TASK MATERIAL:

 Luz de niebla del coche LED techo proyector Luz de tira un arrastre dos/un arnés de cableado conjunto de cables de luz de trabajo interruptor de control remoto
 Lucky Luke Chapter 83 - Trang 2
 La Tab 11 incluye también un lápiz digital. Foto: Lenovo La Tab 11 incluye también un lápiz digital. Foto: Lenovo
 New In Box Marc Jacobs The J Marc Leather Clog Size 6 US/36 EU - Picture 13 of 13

==

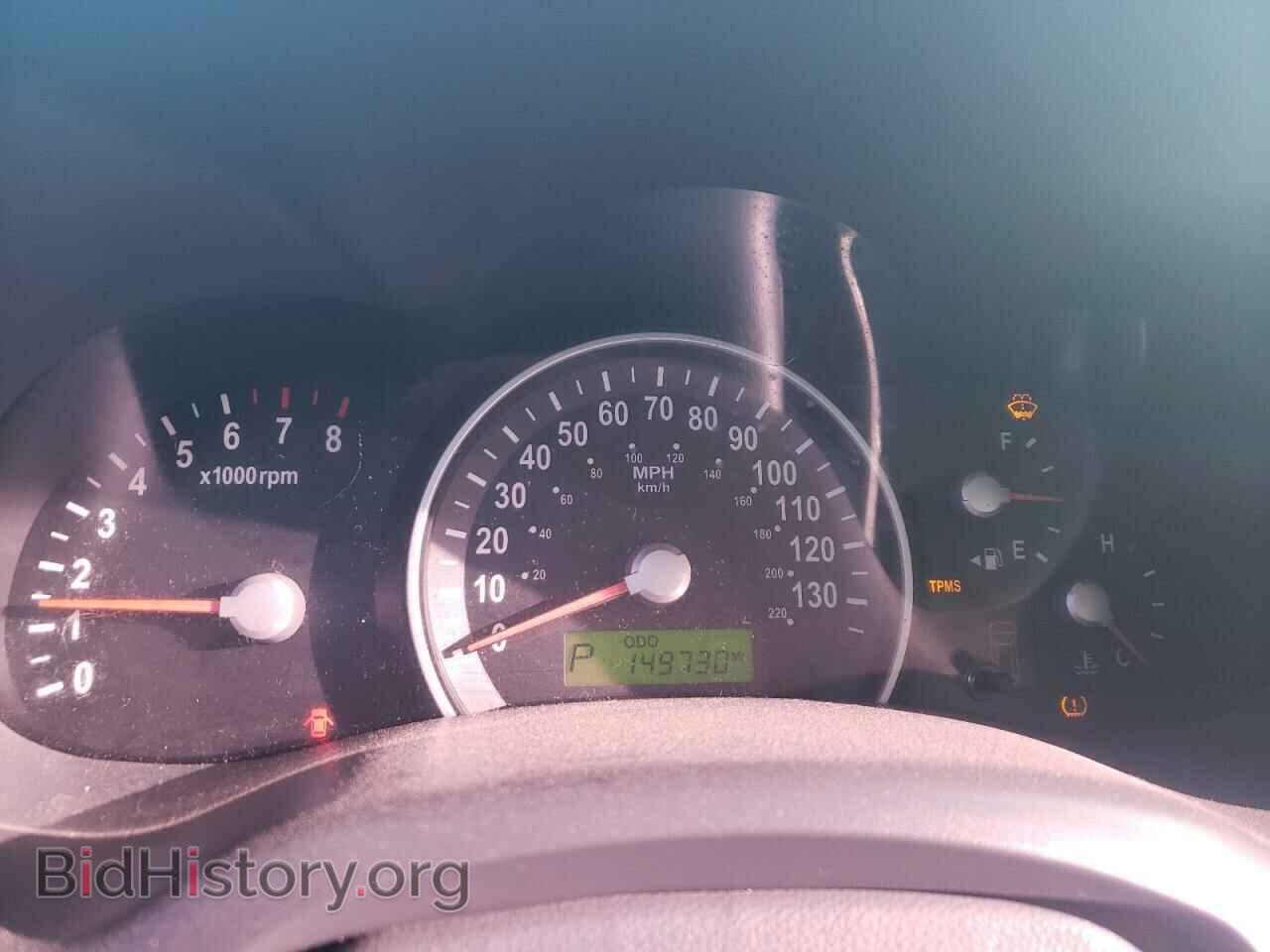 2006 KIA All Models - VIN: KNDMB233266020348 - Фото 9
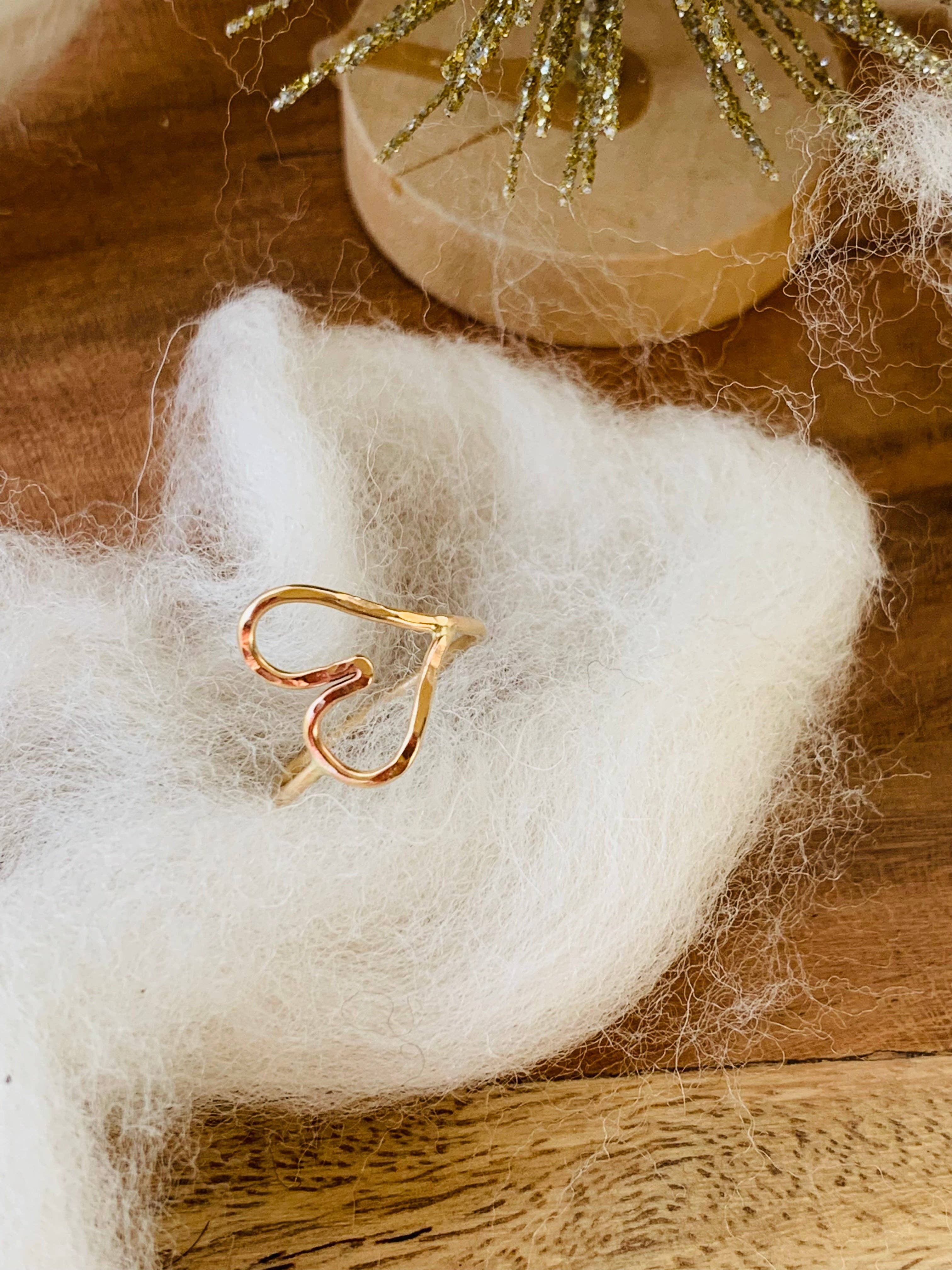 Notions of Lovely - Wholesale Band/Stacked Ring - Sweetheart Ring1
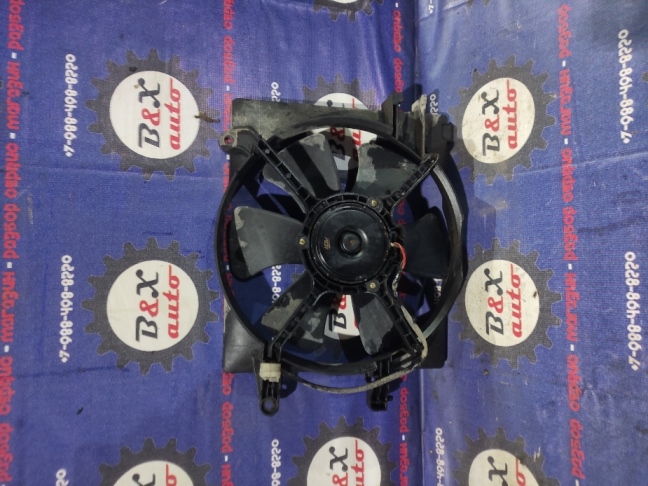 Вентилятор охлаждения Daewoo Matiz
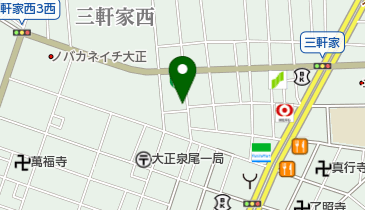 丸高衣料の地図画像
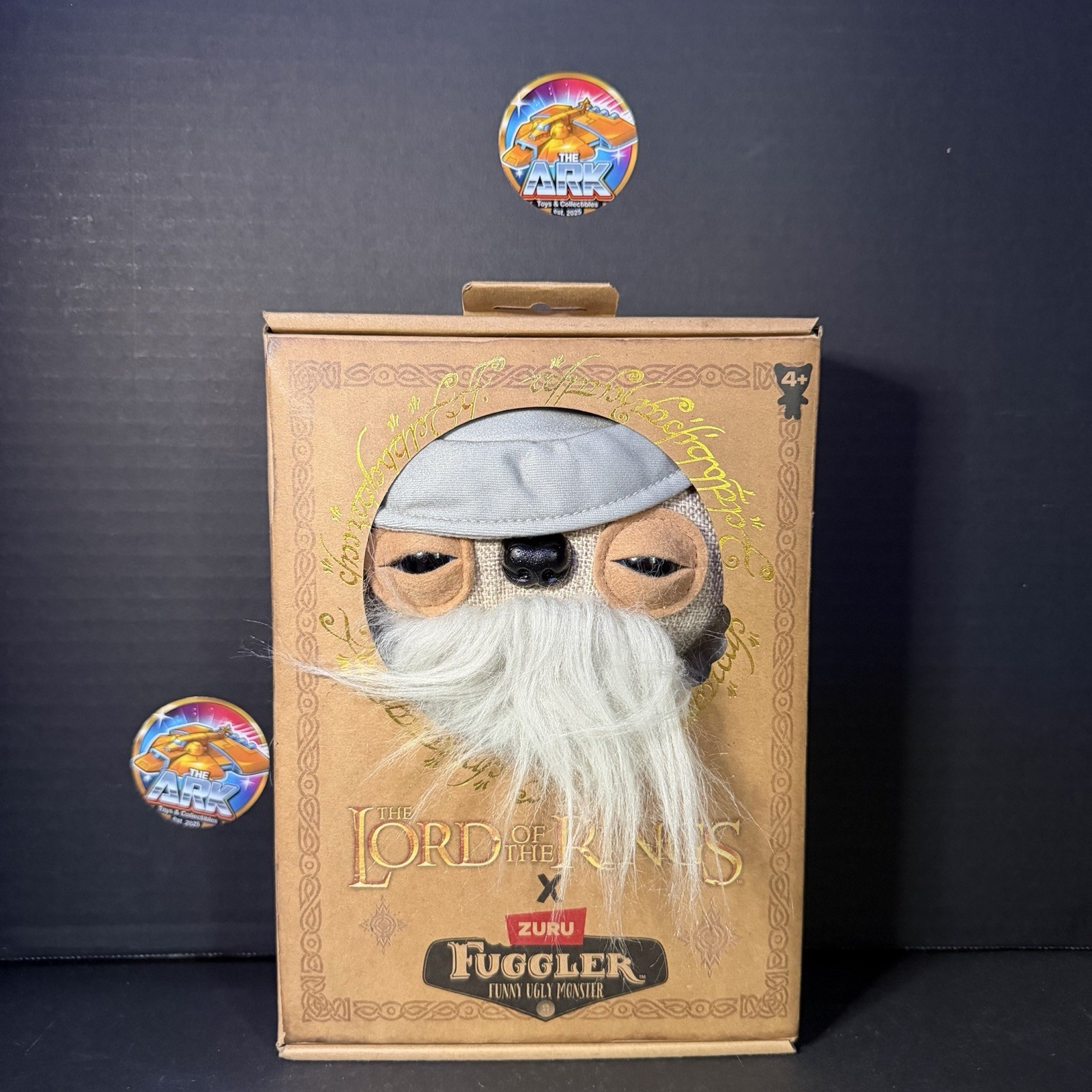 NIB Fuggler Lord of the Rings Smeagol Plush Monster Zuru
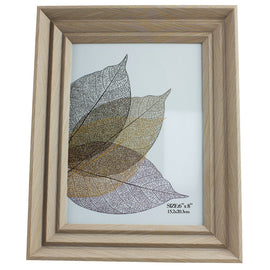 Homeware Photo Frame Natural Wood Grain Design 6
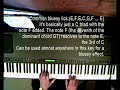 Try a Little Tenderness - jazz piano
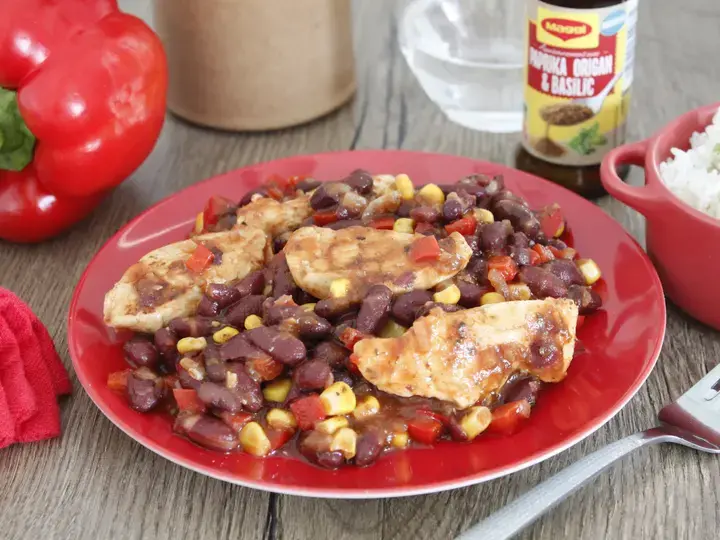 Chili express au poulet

==

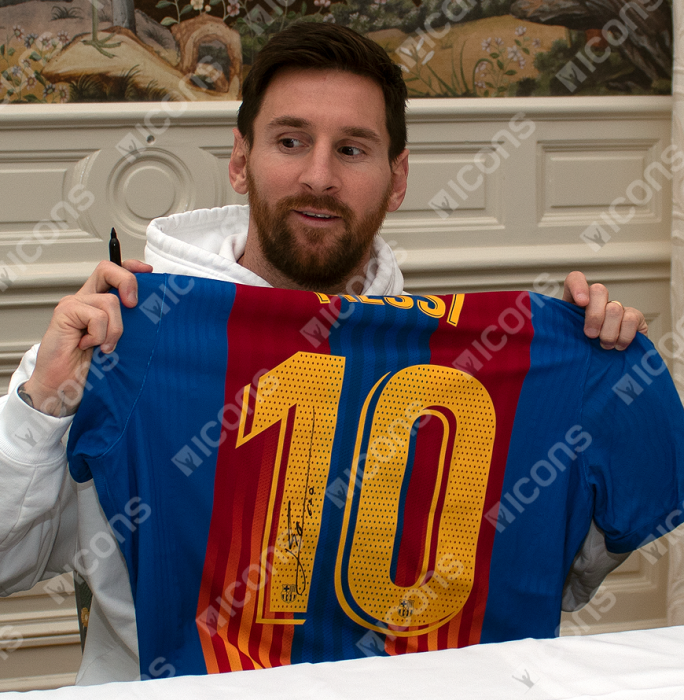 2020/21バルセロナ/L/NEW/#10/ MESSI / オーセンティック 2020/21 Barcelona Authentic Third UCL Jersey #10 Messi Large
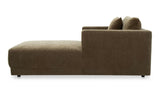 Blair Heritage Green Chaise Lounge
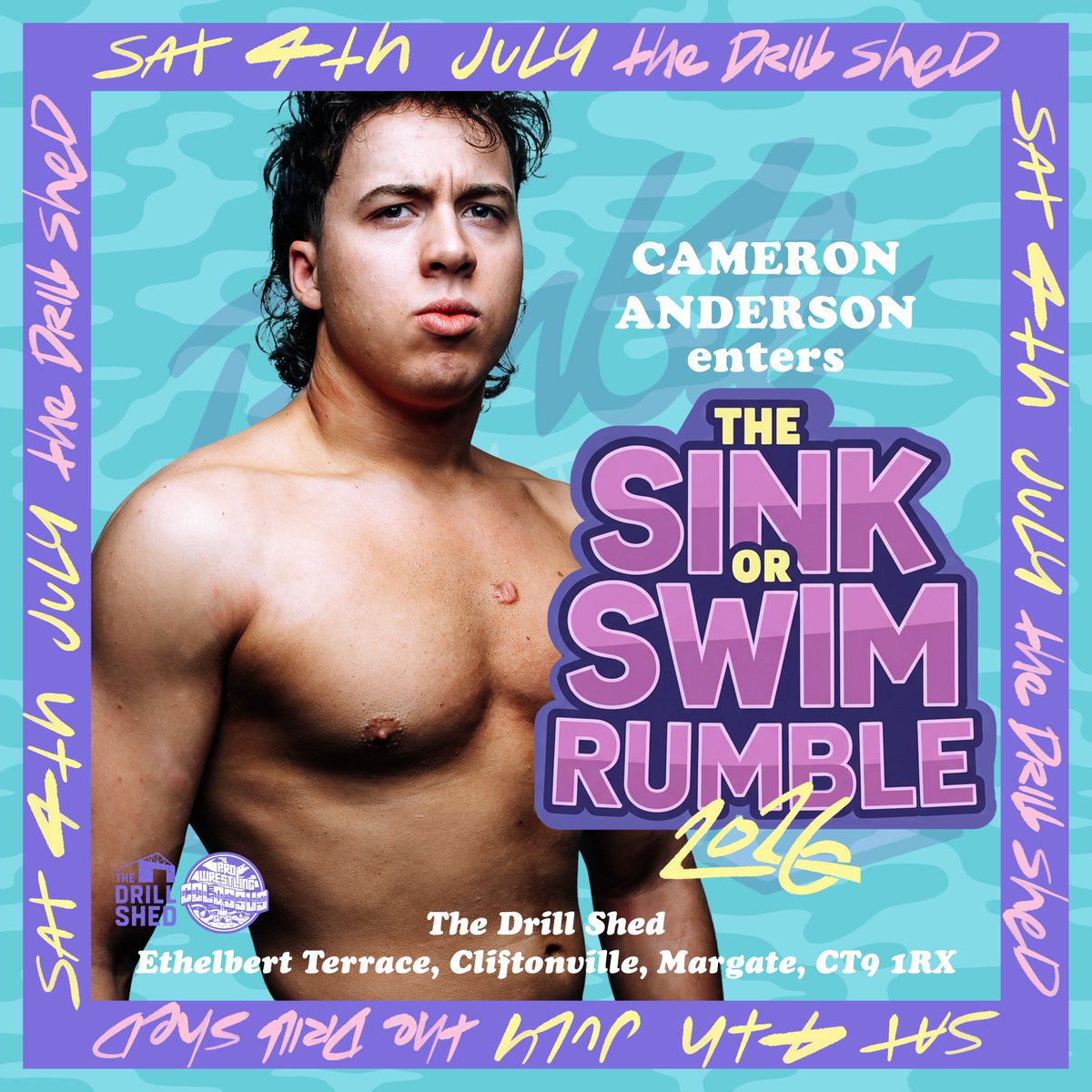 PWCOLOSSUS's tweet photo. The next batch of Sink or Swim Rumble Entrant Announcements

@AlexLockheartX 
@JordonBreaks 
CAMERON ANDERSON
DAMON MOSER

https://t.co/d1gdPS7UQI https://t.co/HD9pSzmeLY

THE TASK: From the records above, give again only the part that opens with the line containing "Blair Heritage Green Chaise Lounge" and closes with the line containing "https://t.co/d1gdPS7UQI https://t.co/HD9pSzmeLY". Keep both ends but drop the pictures.

RESULT OF THE EXERCISE:
 Blair Heritage Green Chaise Lounge
 PWCOLOSSUS's tweet photo. The next batch of Sink or Swim Rumble Entrant Announcements

@AlexLockheartX 
@JordonBreaks 
CAMERON ANDERSON
DAMON MOSER

https://t.co/d1gdPS7UQI https://t.co/HD9pSzmeLY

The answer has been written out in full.